A artista realizou um filme sobre a passagem da luz nos alojamentos durante os 40 dias em que os trabalhadores estiveram lá. O trabalho escravizado se constituiu, entre outros fatos, com o exíguo facho de luz existente nos alojamentos, onde a iluminação era inferior a 100 lux, conforme os autos de infração. Eis aqui a concretude das expressões de esperança relacionadas à luz que cunhamos na linguagem, tal como, “luz no fim do túnel”. Essa luz que entrava nos alojamentos, mesmo exígua, mantinha uma ligação dos sujeitos com o imponderável do ambiente e o externo ao cativeiro.
Para o filme foram construídas duas maquetes de dois alojamentos diferentes, um deles é o da foto que apresentamos acima(Imagem retirada do relatório produzido pelo Ministério Público do Trabalho). Nas maquetes houve um esforço para a reconstituição da luz no local dos acontecimentos que foi produzida de acordo com um estudo realizado por um planetarista. Além disso, Garbelotti realizou uma intensa investigação sobre as condições de luz e suas mudanças na interação entre o espaço externo e interno ao cativeiro. Essa pesquisa revelou a ocorrência de um equinócio durante estes 40 dias.

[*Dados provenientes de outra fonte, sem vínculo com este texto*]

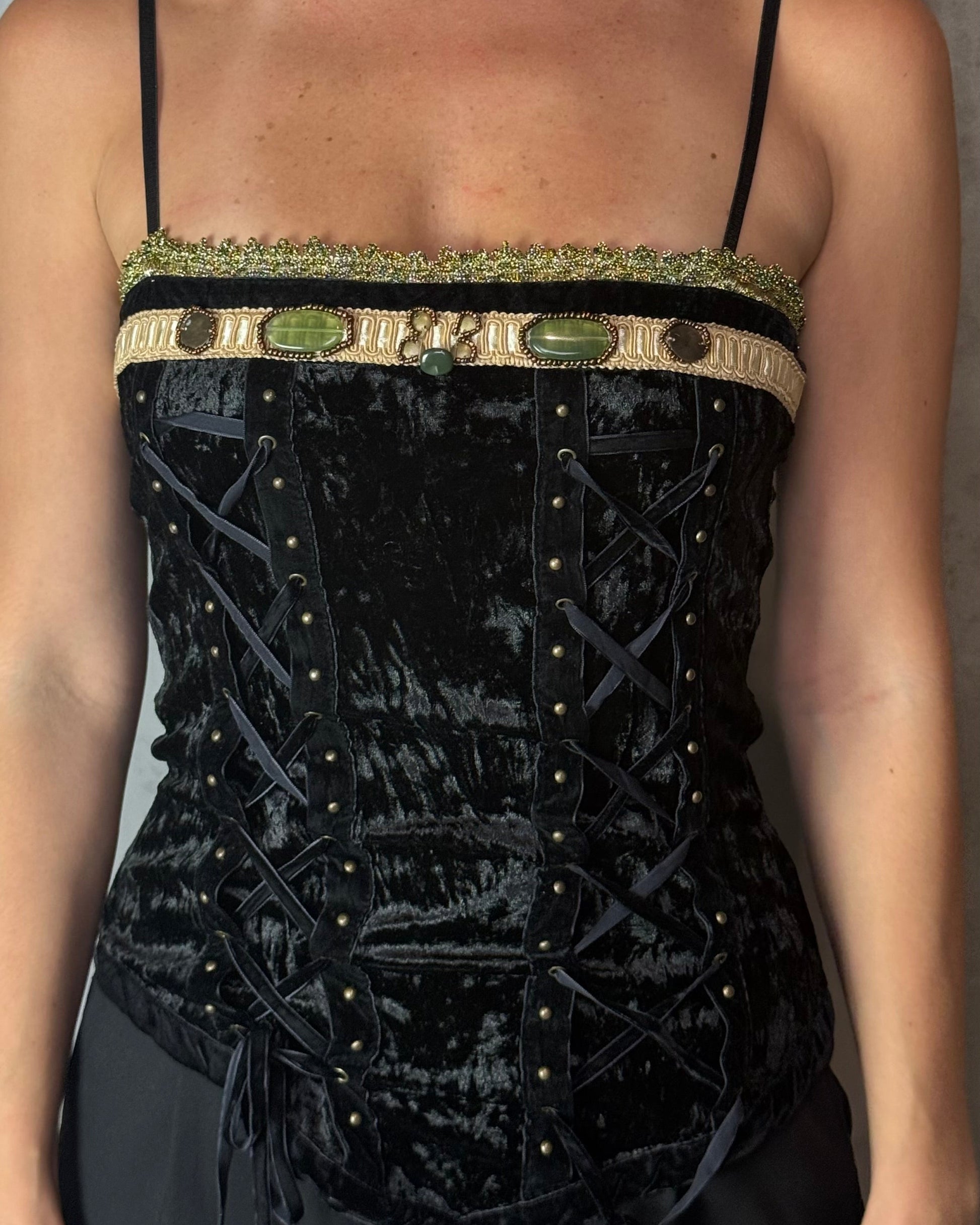 Woman wearing a black velvet corset with gold trim against a plain background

A maquete e a luz planejada em estúdio não garantem um controle documental total do que houve naquele lugar, naquele tempo, mas abrem possibilidades de pensarmos sobre o espaço e o tempo desses trabalhadores nesses alojamentos durante esses dias e da construção hipotética de emoções que podem construir essas baterias morais. Além disso, o trabalho provoca o espectador para uma experiência com esses elementos abrindo o espaço para que cada um reflita sobre a constituição ou não dessas baterias e suas consequências para a produção de outros sentimentos, tais como, indignação, medo, culpa, raiva, encantamento e esperança.
A luz traz o sol, a noite, o tempo passando e as tempestades que podem arrebatar o momento e mudar os desfechos. Assim, essas nuances percebidas modestamente pelo trabalhador podem ser os pólos positivos de uma bateria moral necessária para a manutenção de uma resiliência que garanta internamente alguma esperança de dignidade.
O TAC, portanto, não encerra em si a resposta certeira para as injustiças do Trabalho escravo ou qualquer outra. Mesmo ao propor ações de conscientização e crítica à conduta criminosa e desajustada não há como garantir seus efeitos. É na observação de sua forma de realização, da atuação dos seus protagonistas e das interações por eles produzidas, que poderemos dizer se ele se constituiu em uma Tensão Anulada por Contrato, ou em um Trabalho de Arrancar do Cativeiro. Em qualquer caso, ele sempre implicará em um Território de Afetos em Construção em que a ação mais promissora é aquela a carregar as baterias morais que possam gerar a força e alguma brecha para a insubordinação às opressões.